Gli stessi complici degli attentatori di venerdì sono stati fermati in Belgio, due dei quali erano cittadini francesi. Proprio il Belgio, nonostante i suoi soli 11 milioni di abitanti, è lo Stato europeo che conta, proporzionalmente, il più alto numero di cittadini volontari partiti per combattere tra le file dell’Isis. A Bruxelles esiste proprio un quartiere islamico definito Belgistan, la culla del jihadismo europeo, la centrale di reclutamento dei giovani terroristi in Europa.

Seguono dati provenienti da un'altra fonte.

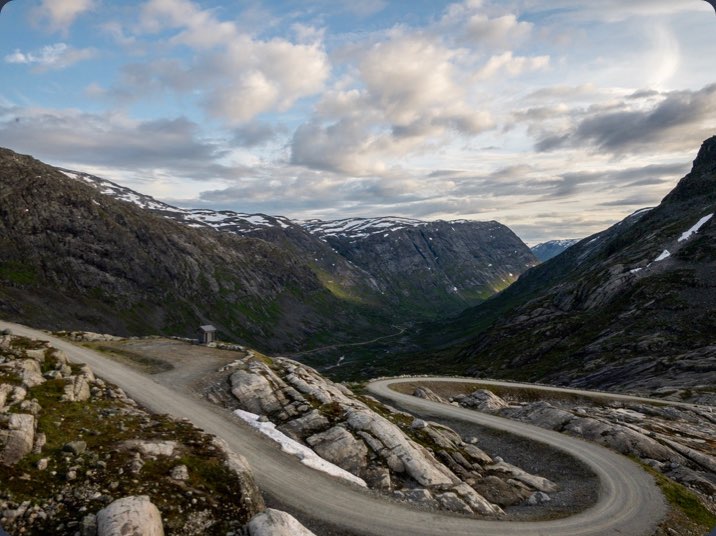 Photo of winding road snaking down a hill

Il rettore della moschea francese di Courcouronnes, Khalil Merran, ha spiegato che a plagiare i giovani musulmani europei c’è un imam potentissimo, ovvero Google. «Questi ragazzi non sanno nulla di religione. Sono schiavi di Internet, plagiati dalla rete. Io ho visto i siti islamisti. Sono fatti molto bene. Promettono denaro, donne, armi, potere e gloria imperitura. Ti fanno sentire parte di qualcosa». Ragazzi disperati per il vuoto morale attorno a loro, che si sentono isolati e vagano su internet in cerca di risposte, di appartenenza, ovvero di identità. L’Occidente ha rifiutato le sue radici cristiane, così come ha ricordato Claudio Magris, una scuola arriva a vietare una visita artistica che include un Cristo dipinto da Chagall, nel timore che ciò possa offendere i non cristiani. Questo è il vuoto identitario che favorisce lo sviluppo del fondamentalismo religioso.

Papa Francesco lo ha spiegato benissimo davanti al Parlamento europeo: «un’Europa che sia in grado di fare tesoro delle proprie radici religiose, sapendone cogliere la ricchezza e le potenzialità, può essere anche più facilmente immune dai tanti estremismi che dilagano nel mondo odierno, anche per il grande vuoto ideale a cui assistiamo nel cosiddetto Occidente, perché è proprio l’oblio di Dio, e non la sua glorificazione, a generare la violenza». E’ l’oblio di Dio a generare la violenza, parole profetiche. Così ha commentato Lucetta Scaraffia, docente di Storia contemporanea presso La Sapienza di Roma, «questa interpretazione, molto più sottile e acuta di quelle che siamo abituati a leggere e ascoltare, rivela come sia fallace la speranza di affrontare questo problema enfatizzando la laicità, ricacciando le religioni nel sommerso e nell’indicibile. E al tempo stesso apre nuove responsabilità -ma anche nuove possibilità- all’azione delle donne e degli uomini di fede».